I'm storing unique user-agents in a MySQL MyISAM table so when I have to look if it exists in the table, I check the md5 hash that is stored next to the TEXT field.
User-Agents
{
id - INT
user-agent - TEXT
hash - VARCHAR(32) // md5
}
There is any way to do the same but using a 32-bit integer and not a text hash? Maybe the md5 in raw format will be faster? That will requiere a binary search.
[EDIT]
MySQL don't handle hash searches for complete case-sensitive strings?
If your field
hash
is always an MD5 value generated by PHP, then you can safely set it toCHAR(32)
. This should not impact the response time to your queries, unless you plan to have millions+ of rows, or even worst!JOIN
other tables with this field. The bottom line is that fixed width column is better than variable ones, so if you can optimize do it.Regarding changing MD5 into int values, see this question; the conclusion to this is that if you really want to change your MD5 into a 128-bit int value, you might as well use a random number instead of an MD5!
Have you tried creating a
BINARY(16)
field, and storing the result ofmd5($plaintext, true);
in it? That might work, make sure you index that field as well.Because trying to fit a 128-bit value in 32 bits doesn't make any sense...

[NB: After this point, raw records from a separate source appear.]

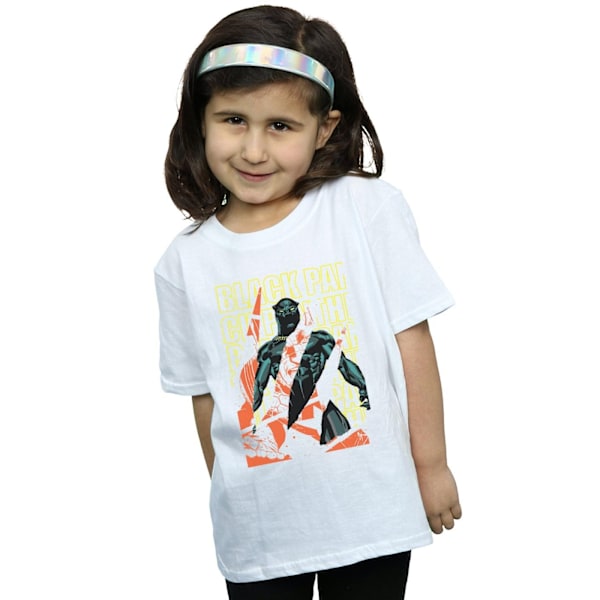 Marvel Girls Avengers Black Panther Collage Bomull T-shirt 12-1 White 12-13 Years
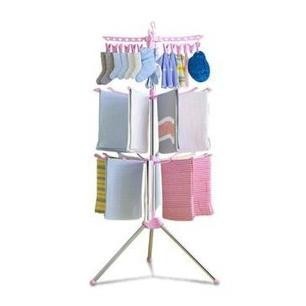 TERBARU - Rak Jemuran Menara Lipat, Gantungan Baju Bayi Merek Shenar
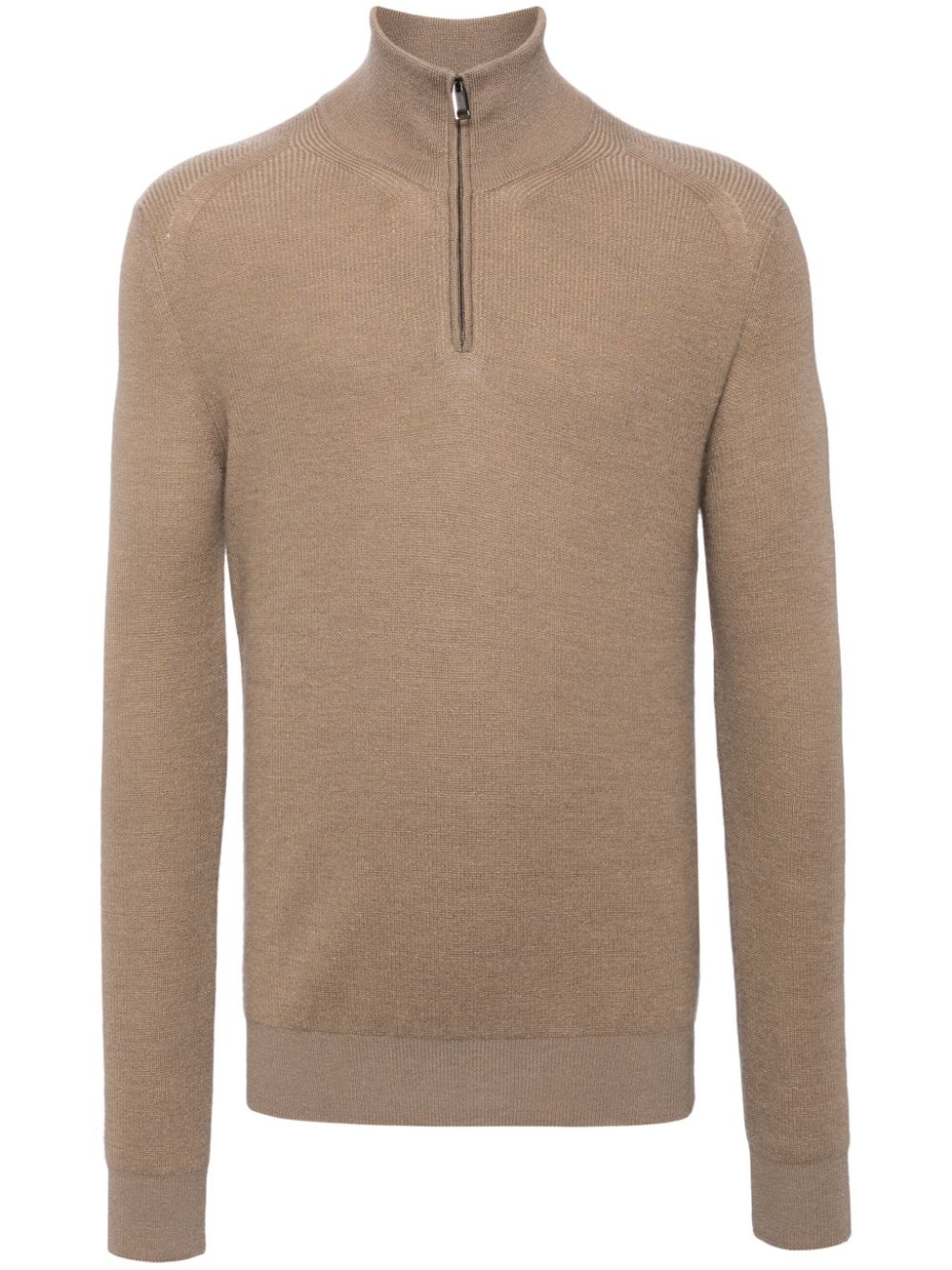 high neck zip-up jumper - 1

Let MySQL do the hard work for you. Use a CHAR column and create an index on that column. You could convert and store the hash as an integer, but there's absolutely no benefit, and it may actually cause problems.
Are you REALLY sure the hashes are only 32-bit? MD5 is 128-bit. Cropping the hash to first 4 or 8 bytes would greatly increase risk of collisions.
try MurmurHash. Its a fast hashing algo thats been translated to multiple languages. It takes your input and translates it into a 32/64 bit integer hash.
You can store MD5 hash in char(32) which is a bit faster than varchar(32). It's also possible to make two BIGINT fields and keep first half of md5 hash in first field and second part in second field.